Araştırma, uçağın Güney Hint Okyanusu’ndaki yolculuğunun son aşamasındaki hidrofon verilerine odaklanıyor ve resmi arama tavsiyelerine uygun olarak 7. yayın yakınında üretilen sinyalleri arıyor. Tayland Körfezi’ndeki son iletişim sırasında uçuşun kaybolma aşamasına ilişkin veriler de olağandışı sinyalleri kontrol etmek için analiz edildi. Dr Kadri şunları söyledi:
“MH370’in ortadan kaybolması bu çalışmayı motive etti çünkü okyanustaki uçak kazalarının tespit edilebilirliği ve arama ve kurtarma çalışmalarına yardımcı olmak için hidroakustik teknolojinin potansiyel kullanımı hakkında soruları gündeme getirdi. Maalesef kayıp uçak için yeni bir arama başlatmak için gereken kesinlikte bir sinyal bulamadık. Ancak tavsiyeler uygun yetkililer tarafından takip edilirse, gözlemlenen sinyallerin alaka düzeyini değerlendirebiliriz ve potansiyel olarak MH370’in konumuna ışık tutabiliriz.”

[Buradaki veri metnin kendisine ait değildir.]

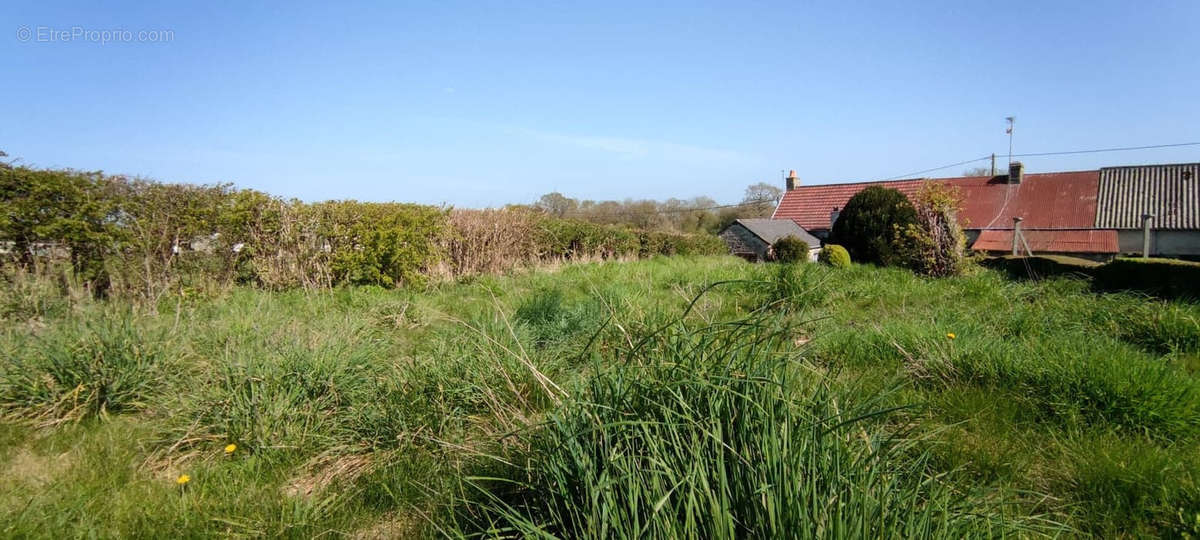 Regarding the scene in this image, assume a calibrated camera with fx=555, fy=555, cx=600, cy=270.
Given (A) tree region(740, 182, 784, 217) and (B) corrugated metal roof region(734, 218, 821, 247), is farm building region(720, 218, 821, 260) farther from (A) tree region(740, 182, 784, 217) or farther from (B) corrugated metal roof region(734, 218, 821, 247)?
(A) tree region(740, 182, 784, 217)

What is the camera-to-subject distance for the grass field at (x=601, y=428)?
1573 mm

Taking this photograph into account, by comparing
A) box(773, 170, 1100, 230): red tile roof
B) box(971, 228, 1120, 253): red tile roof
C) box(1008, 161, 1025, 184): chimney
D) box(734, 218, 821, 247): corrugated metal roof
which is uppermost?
box(1008, 161, 1025, 184): chimney

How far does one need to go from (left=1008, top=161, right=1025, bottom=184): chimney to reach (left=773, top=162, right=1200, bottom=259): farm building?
41 mm

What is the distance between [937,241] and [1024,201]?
21.6 m

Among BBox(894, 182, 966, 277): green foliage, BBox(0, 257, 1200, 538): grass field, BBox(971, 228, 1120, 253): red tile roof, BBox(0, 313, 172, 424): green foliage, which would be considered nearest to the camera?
BBox(0, 257, 1200, 538): grass field

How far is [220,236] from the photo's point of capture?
6.71 metres

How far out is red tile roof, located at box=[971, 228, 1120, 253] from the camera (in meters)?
22.7

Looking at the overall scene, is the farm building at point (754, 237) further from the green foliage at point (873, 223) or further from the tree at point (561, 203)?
the tree at point (561, 203)

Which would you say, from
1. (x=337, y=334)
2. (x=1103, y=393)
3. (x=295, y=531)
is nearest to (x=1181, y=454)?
(x=1103, y=393)

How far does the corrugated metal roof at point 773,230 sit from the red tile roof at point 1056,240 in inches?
256

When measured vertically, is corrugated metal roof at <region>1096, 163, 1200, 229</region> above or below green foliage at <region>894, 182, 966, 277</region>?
above

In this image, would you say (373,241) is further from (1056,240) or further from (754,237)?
(1056,240)

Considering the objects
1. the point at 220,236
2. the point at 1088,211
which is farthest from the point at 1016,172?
the point at 220,236

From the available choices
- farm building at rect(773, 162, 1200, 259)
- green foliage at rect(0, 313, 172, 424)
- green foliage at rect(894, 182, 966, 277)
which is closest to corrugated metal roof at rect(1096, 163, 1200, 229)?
farm building at rect(773, 162, 1200, 259) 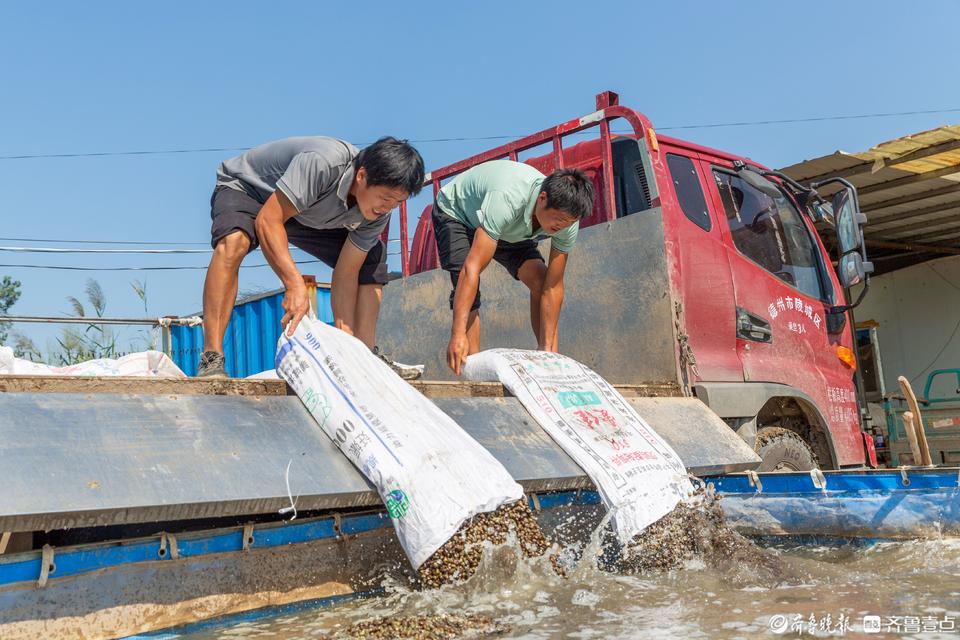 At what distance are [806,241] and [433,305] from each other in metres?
2.14

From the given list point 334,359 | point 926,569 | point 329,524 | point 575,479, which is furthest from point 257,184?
point 926,569

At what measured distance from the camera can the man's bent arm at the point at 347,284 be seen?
3434mm

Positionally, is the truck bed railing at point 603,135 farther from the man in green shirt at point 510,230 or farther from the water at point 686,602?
the water at point 686,602

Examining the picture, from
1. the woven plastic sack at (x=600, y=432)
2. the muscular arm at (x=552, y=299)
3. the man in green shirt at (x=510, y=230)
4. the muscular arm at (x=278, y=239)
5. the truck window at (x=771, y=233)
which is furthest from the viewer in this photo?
the truck window at (x=771, y=233)

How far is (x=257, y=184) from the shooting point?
3055mm

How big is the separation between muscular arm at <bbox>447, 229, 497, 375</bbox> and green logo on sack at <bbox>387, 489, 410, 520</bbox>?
117 centimetres

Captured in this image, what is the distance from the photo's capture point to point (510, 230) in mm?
3543

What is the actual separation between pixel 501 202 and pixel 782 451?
71.2 inches

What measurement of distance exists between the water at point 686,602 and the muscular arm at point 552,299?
53.7 inches

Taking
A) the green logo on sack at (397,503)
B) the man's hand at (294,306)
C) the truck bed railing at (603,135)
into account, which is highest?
the truck bed railing at (603,135)

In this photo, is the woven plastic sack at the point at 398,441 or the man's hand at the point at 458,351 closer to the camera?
the woven plastic sack at the point at 398,441

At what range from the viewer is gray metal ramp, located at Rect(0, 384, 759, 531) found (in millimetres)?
1645

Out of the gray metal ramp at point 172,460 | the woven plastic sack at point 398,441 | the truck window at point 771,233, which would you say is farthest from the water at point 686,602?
the truck window at point 771,233

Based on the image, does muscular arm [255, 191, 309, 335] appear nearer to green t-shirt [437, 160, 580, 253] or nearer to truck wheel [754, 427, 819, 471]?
green t-shirt [437, 160, 580, 253] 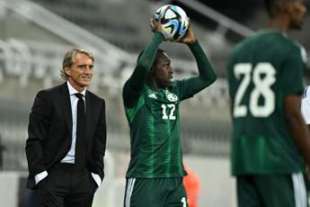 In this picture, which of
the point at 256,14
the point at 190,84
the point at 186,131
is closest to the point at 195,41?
the point at 190,84

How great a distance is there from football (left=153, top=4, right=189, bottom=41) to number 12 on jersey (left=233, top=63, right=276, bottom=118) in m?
1.74

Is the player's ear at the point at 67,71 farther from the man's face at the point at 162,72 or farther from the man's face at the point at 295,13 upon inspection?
the man's face at the point at 295,13

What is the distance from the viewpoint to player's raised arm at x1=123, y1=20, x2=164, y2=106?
7508mm

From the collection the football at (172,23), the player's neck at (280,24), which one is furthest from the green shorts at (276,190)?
the football at (172,23)

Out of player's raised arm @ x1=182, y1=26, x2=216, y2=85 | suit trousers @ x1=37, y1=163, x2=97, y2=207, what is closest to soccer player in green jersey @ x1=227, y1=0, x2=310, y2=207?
player's raised arm @ x1=182, y1=26, x2=216, y2=85

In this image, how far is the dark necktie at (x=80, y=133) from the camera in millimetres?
A: 8094

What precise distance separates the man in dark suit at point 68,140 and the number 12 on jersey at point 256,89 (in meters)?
2.44

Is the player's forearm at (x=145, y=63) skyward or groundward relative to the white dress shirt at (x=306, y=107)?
skyward

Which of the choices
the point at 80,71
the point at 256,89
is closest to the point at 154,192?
the point at 80,71

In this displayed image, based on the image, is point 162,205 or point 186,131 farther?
point 186,131

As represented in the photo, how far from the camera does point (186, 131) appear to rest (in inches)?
696

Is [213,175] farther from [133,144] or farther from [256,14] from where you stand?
[256,14]

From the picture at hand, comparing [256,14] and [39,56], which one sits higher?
[256,14]

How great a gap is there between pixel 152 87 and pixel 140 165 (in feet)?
1.92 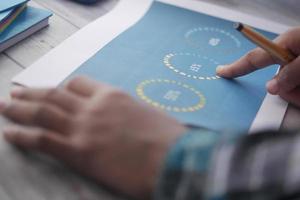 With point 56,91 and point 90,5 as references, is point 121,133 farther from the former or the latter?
point 90,5

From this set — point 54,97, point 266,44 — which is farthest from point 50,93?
point 266,44

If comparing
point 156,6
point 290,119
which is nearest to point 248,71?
point 290,119

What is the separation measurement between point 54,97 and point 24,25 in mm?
226

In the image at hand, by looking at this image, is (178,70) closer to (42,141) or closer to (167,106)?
(167,106)

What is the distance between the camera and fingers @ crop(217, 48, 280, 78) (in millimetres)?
625

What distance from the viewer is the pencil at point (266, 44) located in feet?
Answer: 1.83

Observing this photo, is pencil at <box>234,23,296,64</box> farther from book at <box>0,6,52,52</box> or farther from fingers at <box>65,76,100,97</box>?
book at <box>0,6,52,52</box>

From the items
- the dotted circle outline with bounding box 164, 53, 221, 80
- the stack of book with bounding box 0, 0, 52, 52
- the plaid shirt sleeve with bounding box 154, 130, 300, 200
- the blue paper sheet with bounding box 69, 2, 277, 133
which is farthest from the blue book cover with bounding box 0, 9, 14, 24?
the plaid shirt sleeve with bounding box 154, 130, 300, 200

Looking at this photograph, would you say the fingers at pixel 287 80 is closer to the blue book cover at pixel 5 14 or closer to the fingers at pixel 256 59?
the fingers at pixel 256 59

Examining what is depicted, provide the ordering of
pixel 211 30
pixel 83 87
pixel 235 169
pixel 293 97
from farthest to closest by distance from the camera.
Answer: pixel 211 30 → pixel 293 97 → pixel 83 87 → pixel 235 169

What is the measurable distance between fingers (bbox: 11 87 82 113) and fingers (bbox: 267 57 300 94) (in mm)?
285

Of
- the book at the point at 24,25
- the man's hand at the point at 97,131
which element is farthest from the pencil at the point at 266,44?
the book at the point at 24,25

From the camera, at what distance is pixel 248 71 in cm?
64

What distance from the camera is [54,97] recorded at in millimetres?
475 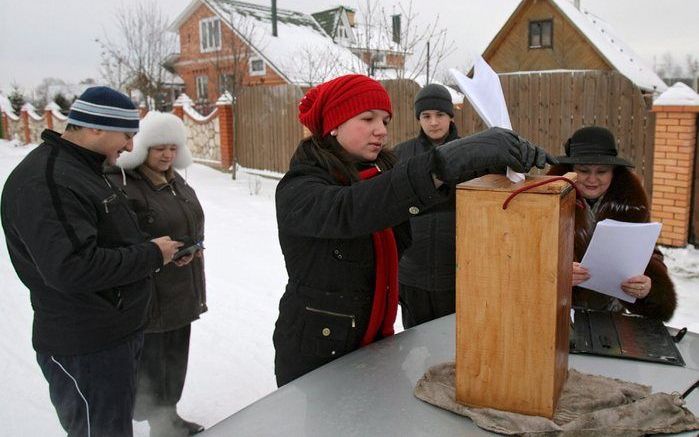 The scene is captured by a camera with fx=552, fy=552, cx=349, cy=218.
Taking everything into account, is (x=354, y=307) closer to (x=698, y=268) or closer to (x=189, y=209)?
(x=189, y=209)

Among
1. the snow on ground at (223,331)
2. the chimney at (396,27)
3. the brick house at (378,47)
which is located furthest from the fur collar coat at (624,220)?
the chimney at (396,27)

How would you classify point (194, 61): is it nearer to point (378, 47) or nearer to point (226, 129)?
point (226, 129)

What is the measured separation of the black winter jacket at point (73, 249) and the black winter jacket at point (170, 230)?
0.58m

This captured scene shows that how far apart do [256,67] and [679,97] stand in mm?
20546

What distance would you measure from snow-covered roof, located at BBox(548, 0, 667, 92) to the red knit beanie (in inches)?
834

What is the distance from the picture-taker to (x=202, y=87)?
2822 centimetres

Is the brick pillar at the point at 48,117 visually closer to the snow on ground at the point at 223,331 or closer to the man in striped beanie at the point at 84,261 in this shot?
the snow on ground at the point at 223,331

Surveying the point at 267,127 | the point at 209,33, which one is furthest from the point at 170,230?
the point at 209,33

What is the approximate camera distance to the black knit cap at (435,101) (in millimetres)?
3354

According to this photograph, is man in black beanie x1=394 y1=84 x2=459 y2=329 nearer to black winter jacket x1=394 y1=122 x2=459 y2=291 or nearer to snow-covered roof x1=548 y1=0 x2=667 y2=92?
black winter jacket x1=394 y1=122 x2=459 y2=291

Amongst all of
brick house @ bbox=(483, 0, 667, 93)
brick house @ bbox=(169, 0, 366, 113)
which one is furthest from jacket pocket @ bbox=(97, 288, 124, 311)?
brick house @ bbox=(483, 0, 667, 93)

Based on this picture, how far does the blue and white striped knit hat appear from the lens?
2.11m

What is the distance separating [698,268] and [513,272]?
5264mm

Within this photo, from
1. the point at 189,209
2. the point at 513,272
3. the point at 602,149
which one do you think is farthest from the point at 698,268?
the point at 513,272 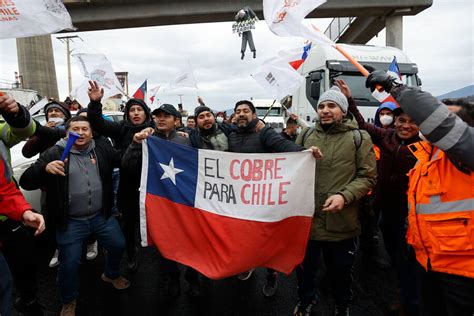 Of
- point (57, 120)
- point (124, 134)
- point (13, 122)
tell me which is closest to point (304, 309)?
point (124, 134)

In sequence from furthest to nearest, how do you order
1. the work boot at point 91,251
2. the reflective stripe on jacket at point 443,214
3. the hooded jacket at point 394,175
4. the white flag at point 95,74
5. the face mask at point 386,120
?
1. the white flag at point 95,74
2. the work boot at point 91,251
3. the face mask at point 386,120
4. the hooded jacket at point 394,175
5. the reflective stripe on jacket at point 443,214

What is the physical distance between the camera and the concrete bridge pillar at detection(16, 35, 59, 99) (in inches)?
965

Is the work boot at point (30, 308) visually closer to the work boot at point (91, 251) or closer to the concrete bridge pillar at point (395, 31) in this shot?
the work boot at point (91, 251)

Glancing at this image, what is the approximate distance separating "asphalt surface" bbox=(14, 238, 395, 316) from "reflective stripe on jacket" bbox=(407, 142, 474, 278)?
157 cm

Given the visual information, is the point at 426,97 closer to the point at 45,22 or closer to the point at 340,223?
the point at 340,223

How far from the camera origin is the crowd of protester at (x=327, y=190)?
168cm

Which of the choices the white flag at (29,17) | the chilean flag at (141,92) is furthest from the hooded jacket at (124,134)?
the chilean flag at (141,92)

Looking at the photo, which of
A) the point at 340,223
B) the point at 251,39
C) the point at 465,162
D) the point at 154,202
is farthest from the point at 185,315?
the point at 251,39

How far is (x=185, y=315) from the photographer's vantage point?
304 centimetres

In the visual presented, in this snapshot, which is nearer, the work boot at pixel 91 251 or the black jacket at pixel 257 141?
the black jacket at pixel 257 141

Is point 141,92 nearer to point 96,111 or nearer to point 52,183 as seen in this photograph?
point 96,111

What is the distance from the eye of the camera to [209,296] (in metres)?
3.35

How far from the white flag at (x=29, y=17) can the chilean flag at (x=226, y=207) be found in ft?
4.20

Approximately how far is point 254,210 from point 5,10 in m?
2.29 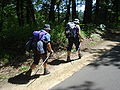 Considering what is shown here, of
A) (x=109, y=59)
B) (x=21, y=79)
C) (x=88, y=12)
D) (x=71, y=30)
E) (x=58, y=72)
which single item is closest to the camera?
(x=21, y=79)

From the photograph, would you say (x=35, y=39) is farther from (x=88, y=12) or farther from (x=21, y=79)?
(x=88, y=12)

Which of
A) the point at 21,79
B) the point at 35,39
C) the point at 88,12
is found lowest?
the point at 21,79

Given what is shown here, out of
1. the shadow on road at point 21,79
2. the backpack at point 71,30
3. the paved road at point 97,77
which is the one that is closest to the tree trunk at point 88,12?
the paved road at point 97,77

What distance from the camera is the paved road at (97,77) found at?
25.1 feet

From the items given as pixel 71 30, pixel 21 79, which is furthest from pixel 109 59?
pixel 21 79

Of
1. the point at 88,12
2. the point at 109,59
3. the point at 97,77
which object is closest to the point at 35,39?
the point at 97,77

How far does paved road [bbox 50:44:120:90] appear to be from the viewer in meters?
7.65

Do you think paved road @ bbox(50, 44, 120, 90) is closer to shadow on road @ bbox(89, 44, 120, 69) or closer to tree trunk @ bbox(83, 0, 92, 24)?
shadow on road @ bbox(89, 44, 120, 69)

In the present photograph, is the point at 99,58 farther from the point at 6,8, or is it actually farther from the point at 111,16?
the point at 111,16

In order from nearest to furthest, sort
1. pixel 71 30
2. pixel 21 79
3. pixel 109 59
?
pixel 21 79
pixel 71 30
pixel 109 59

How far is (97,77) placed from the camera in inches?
337

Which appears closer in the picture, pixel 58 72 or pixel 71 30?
pixel 58 72

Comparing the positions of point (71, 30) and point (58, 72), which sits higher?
point (71, 30)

MH370, 8 Mart 2014 Cumartesi günü Kuala Lumpur’dan Pekin’e yaptığı yolculuk sırasında ortadan kayboldu. Kapsamlı çok uluslu arama çabalarına rağmen uçağın nerede olduğu ve 239 yolcu ve mürettebatının akıbeti belirsizliğini koruyor. 2018’de İngiltere merkezli bir video yapımcısı, düşen uçağı yerini Google Haritalar üzerinden bulduğunu iddia etti – ancak Newsweek, aynı enkazın “MH370’in kaybolmasından on yıldan fazla bir süre önce, 1 Ocak 2004’e kadar uzanan görüntülerde de görülebildiğine” dikkat çekti.
Diğer yandan İngiltere’den uzman Ian Wilson, Malezya Havayolları uçağının kalıntılarının Kamboçya’daki bir ormanın derinliklerine dağıldığını düşünüyor. bulmak için Kamboçya ormanlarına yola çıkmış.
Deniz robotları şirketi Ocean Infinity de 2018’de beş aylık bir aramanın ardından uçağı bulamadı – ancak Independent’ın yazdığına göre şimdi uçağın yeri hakkında bilimsel kanıtlara sahip olduklarını iddia ediyor. Şirketin CEO’su son altı yıldır okyanus arama yeteneklerini geliştirdiklerini söylüyor.